=== SUPPLIED INFORMATION ===

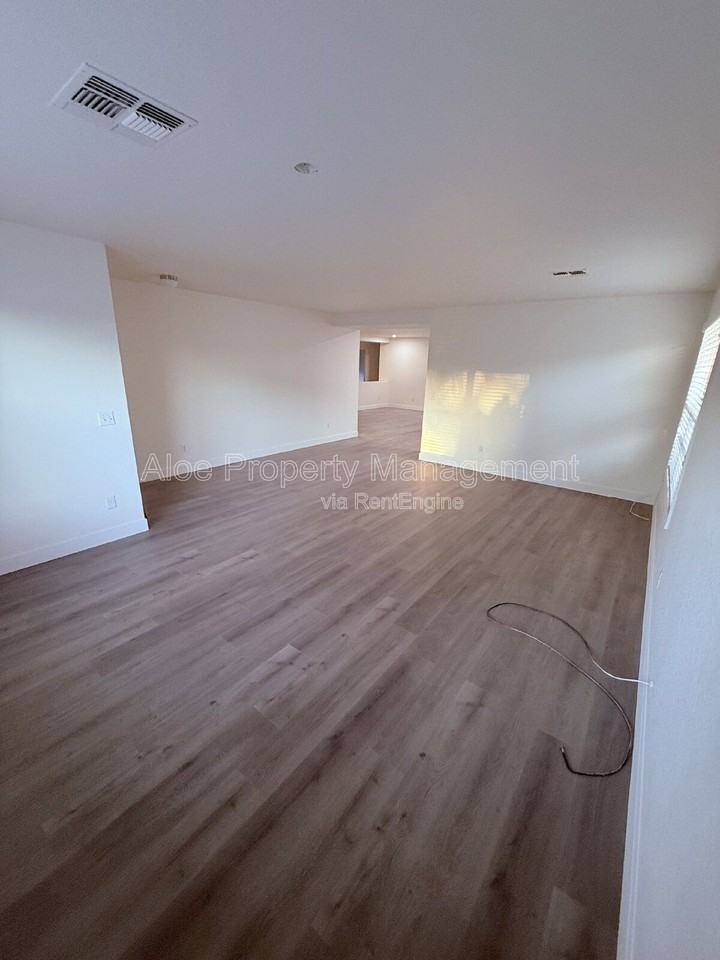 26807 North 31st Drive - Photo 6 of 25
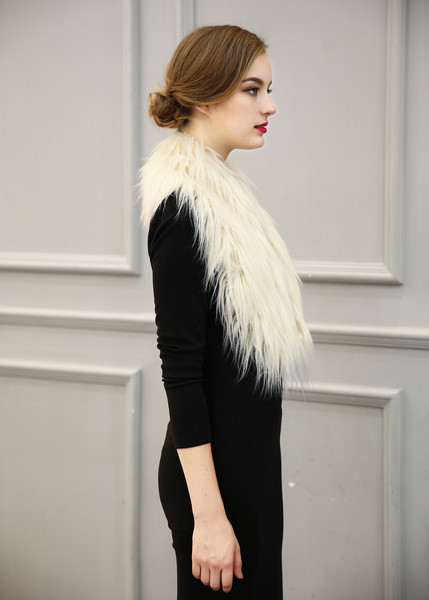 Елегантен дамски шал от изкуствен косъм в три цвята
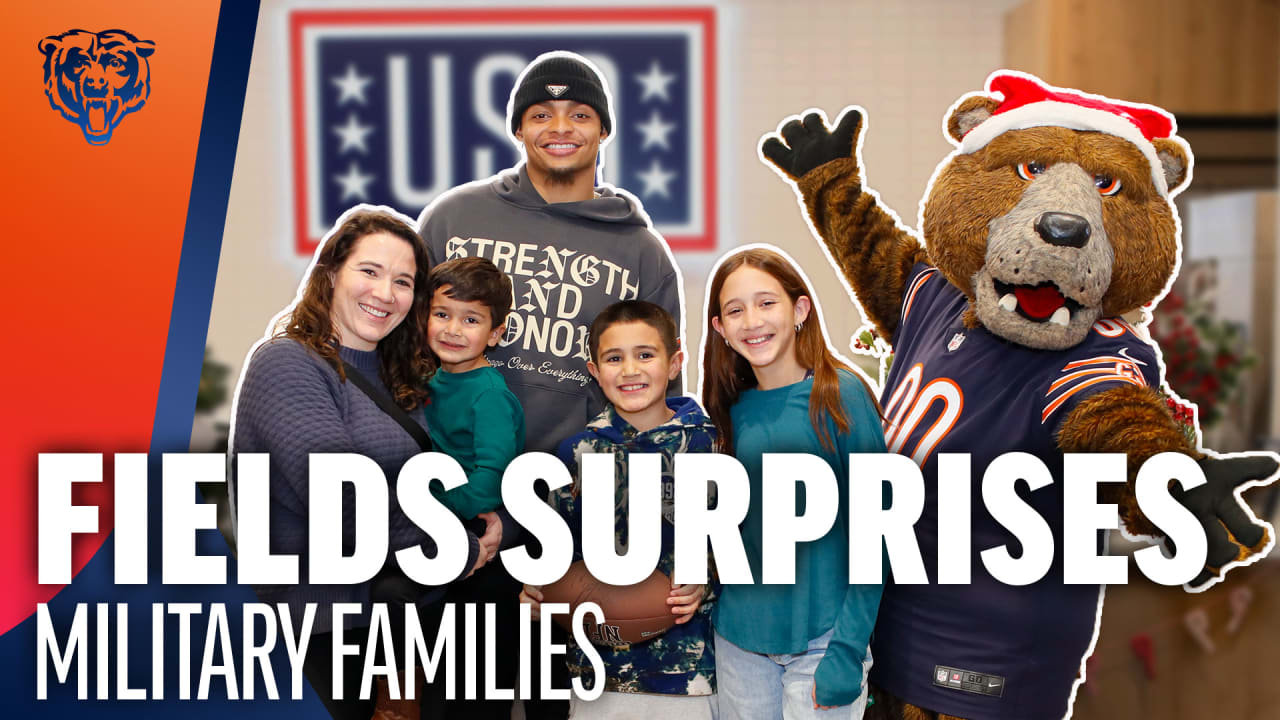 Justin Fields surprises military families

===

> TASK TO COMPLETE
Give the listing above again word for word, without its pictures.

> EXERCISE RESULT
 26807 North 31st Drive - Photo 6 of 25
 Елегантен дамски шал от изкуствен косъм в три цвята
 Justin Fields surprises military families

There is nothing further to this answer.